De Onderwijsinspectie heeft de afgelopen maanden een eerste serie pilotonderzoeken uitgevoerd. De hoofdvraag hierbij was 'hoe kan het toezicht scholen en besturen stimuleren de onderwijskwaliteit permanent te verbeteren?' Scholen blijken de nieuwe toezichtvormen voor een belangrijk deel te waarderen. In het najaar worden de pilots vervolgd. Ze zullen mede een basis vormen voor de aanpassing van het toezicht, in aanvulling op het bewaken van de minimumnorm voor de onderwijskwaliteit. Dat meldt de Onderwijsinspectie.
De pilots zijn uitgevoerd in het primair onderwijs, (voortgezet) speciaal onderwijs, voortgezet onderwijs en het middelbaar beroepsonderwijs. Er wordt onderzocht hoe de inspectie kan bijdragen aan de verbetercultuur van scholen en besturen. De inspectie werkte hiervoor met een nieuw waarderingskader waarmee scholen breder worden beoordeeld.

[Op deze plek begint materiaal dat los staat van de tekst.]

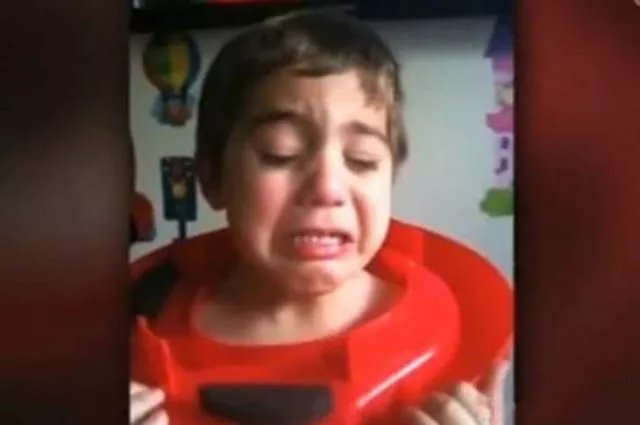 40 kids stuck in funny situations - #24 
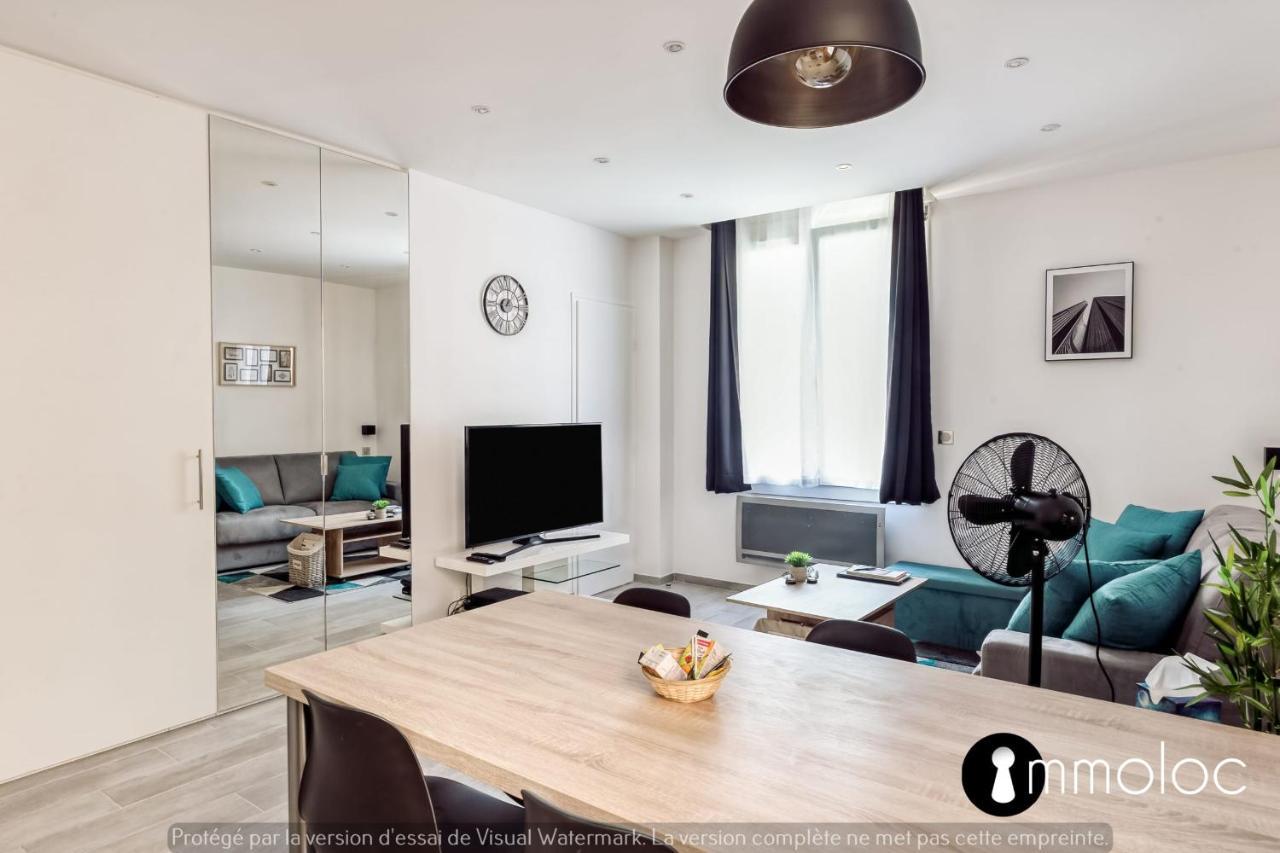 Hyper 2 Minutes Walk From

De inspectie geeft aan dat het op dit moment nog te vroeg is om vast te stellen wat de effecten zijn van de vernieuwingen in het toezicht op het gedrag van leraren, schoolleiders, bestuurders en inspecteurs, en vervolgens op de kwaliteit van het onderwijs zelf. Toch overheersen tot nu toe de positieve reacties op de vernieuwingen. Scholen waarderen de dialoog in de gesprekken, het grotere maatwerk in het toezicht en de ruimte om het eigen verhaal te vertellen en de eigen visie op kwaliteit weer te geven. Ook waardeert het veld de bredere blik door een grotere betrokkenheid van ouders en docenten en de stimulerende feedback.

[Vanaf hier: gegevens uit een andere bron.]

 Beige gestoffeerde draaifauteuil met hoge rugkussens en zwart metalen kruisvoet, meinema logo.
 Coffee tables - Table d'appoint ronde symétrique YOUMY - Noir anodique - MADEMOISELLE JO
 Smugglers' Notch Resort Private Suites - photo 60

Er zijn ook verbeterpunten naar voren gekomen. Deze liggen onder andere op het vlak van het (beter) aansluiten op de kwaliteitsinformatie van het bestuur en scholen, aanpassingen in beschrijving en normering van het waarderingskader, borging van de betrouwbaarheid. Ook zijn er zorgen over het verschil tussen de oordelen voldoende en goed. In het schooljaar 2015/2016 krijgen deze pilots een vervolg. Dan zullen bijvoorbeeld onderzoeken meer op het niveau van besturen ingericht worden.